**PROBLEM DESCRIPTION**
Two lines below mark the span: the one containing "Moose polygon - Sticker" and the one containing "Cheqo® Lichtgordijn Kerststerren". Set down both, plus every line between, exactly as they stand, and nothing else.

*** Opening STUDY MATERIAL ***

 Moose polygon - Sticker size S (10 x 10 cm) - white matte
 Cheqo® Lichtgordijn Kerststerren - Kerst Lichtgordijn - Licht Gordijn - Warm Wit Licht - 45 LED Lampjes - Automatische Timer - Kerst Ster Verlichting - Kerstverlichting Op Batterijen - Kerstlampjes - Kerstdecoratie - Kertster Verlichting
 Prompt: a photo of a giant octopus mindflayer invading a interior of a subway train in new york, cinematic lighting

*** Closing STUDY MATERIAL ***
*** Opening STUDY MATERIAL ***

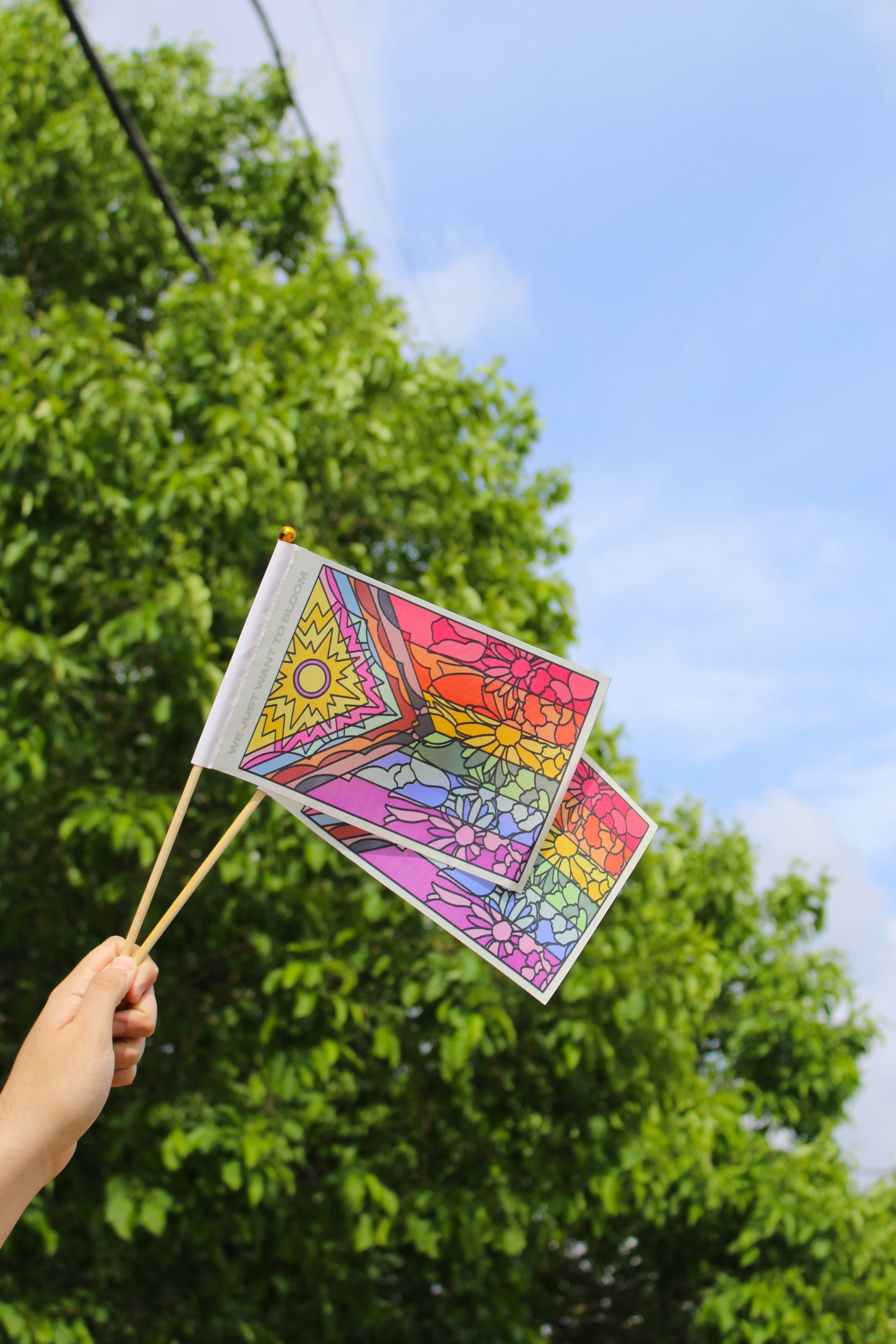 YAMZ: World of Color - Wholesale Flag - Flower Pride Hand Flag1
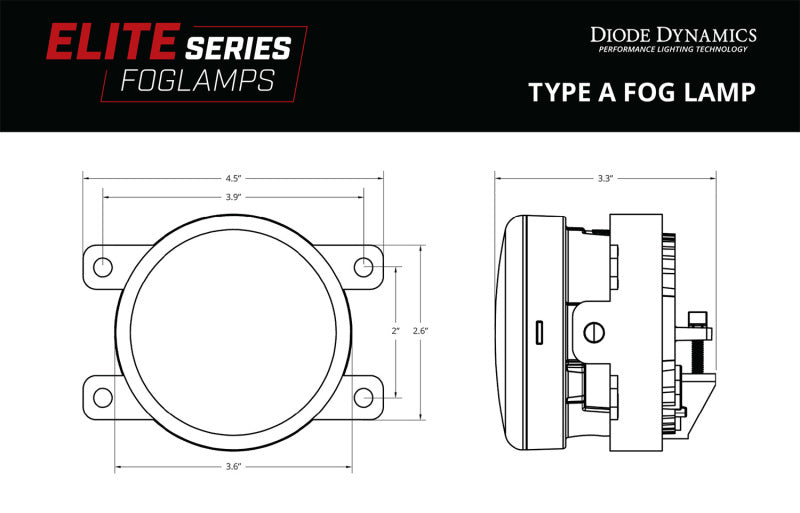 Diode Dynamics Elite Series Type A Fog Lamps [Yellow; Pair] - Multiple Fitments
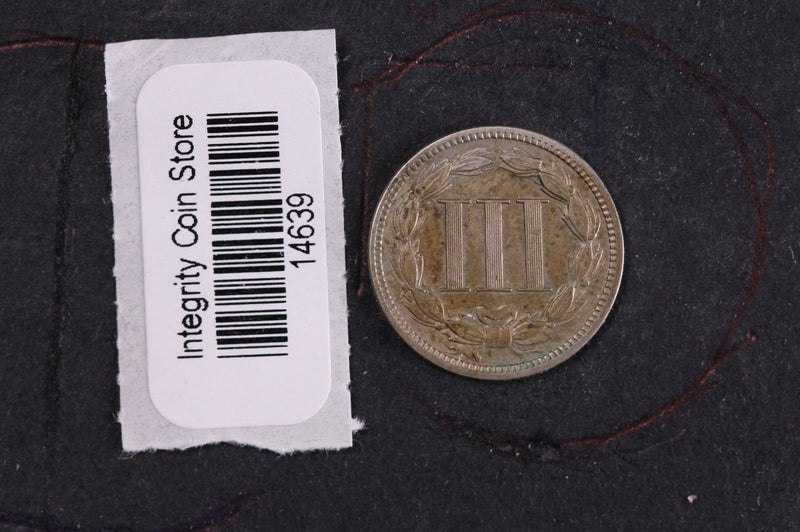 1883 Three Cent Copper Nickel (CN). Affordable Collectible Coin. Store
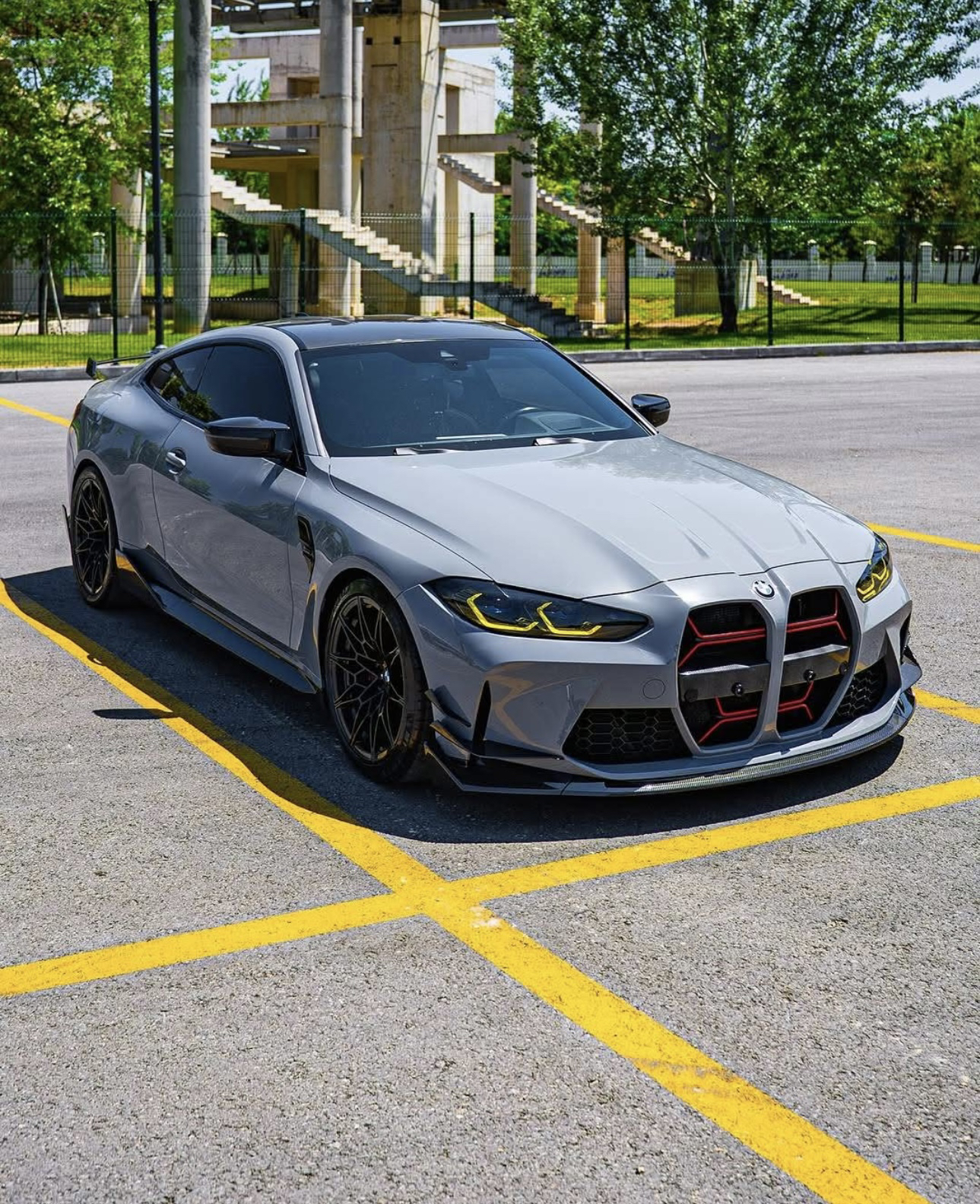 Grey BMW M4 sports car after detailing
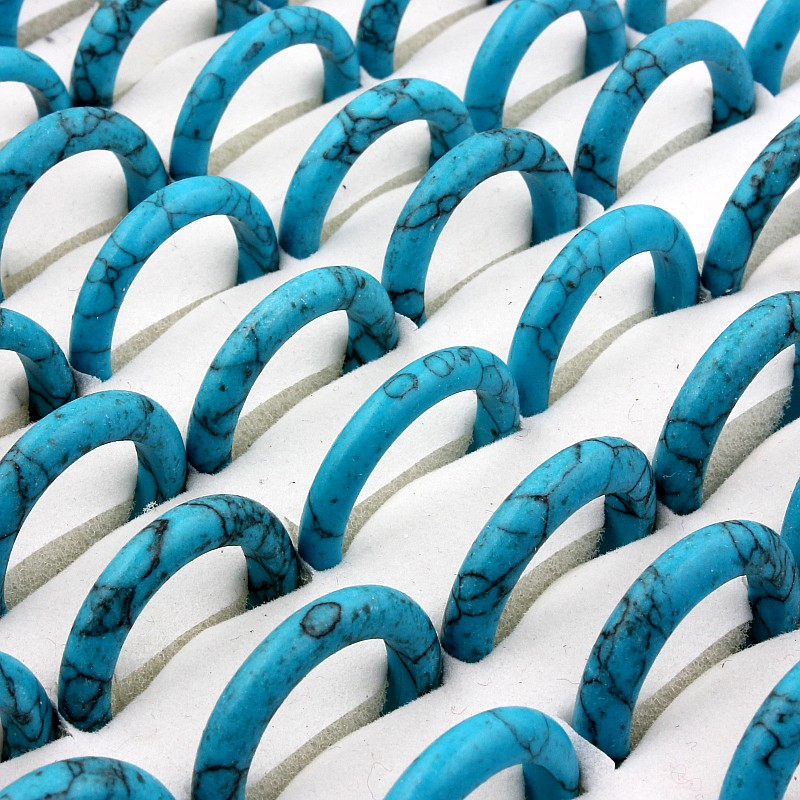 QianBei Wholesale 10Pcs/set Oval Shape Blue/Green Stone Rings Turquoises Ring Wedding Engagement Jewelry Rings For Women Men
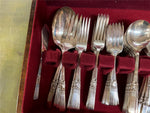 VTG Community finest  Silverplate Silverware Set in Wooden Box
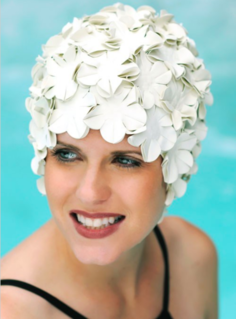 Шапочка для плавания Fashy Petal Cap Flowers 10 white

*** Closing STUDY MATERIAL ***
*** Opening STUDY MATERIAL ***

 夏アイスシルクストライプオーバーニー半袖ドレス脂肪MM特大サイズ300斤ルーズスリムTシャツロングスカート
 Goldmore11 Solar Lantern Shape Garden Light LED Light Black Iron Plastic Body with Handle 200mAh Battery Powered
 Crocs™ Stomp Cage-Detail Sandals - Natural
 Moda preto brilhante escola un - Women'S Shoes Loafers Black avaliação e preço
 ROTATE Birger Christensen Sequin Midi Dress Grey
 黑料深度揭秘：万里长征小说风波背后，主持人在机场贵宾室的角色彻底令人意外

*** Closing STUDY MATERIAL ***

**YOUR SOLUTION**
 Moose polygon - Sticker size S (10 x 10 cm) - white matte
 Cheqo® Lichtgordijn Kerststerren - Kerst Lichtgordijn - Licht Gordijn - Warm Wit Licht - 45 LED Lampjes - Automatische Timer - Kerst Ster Verlichting - Kerstverlichting Op Batterijen - Kerstlampjes - Kerstdecoratie - Kertster Verlichting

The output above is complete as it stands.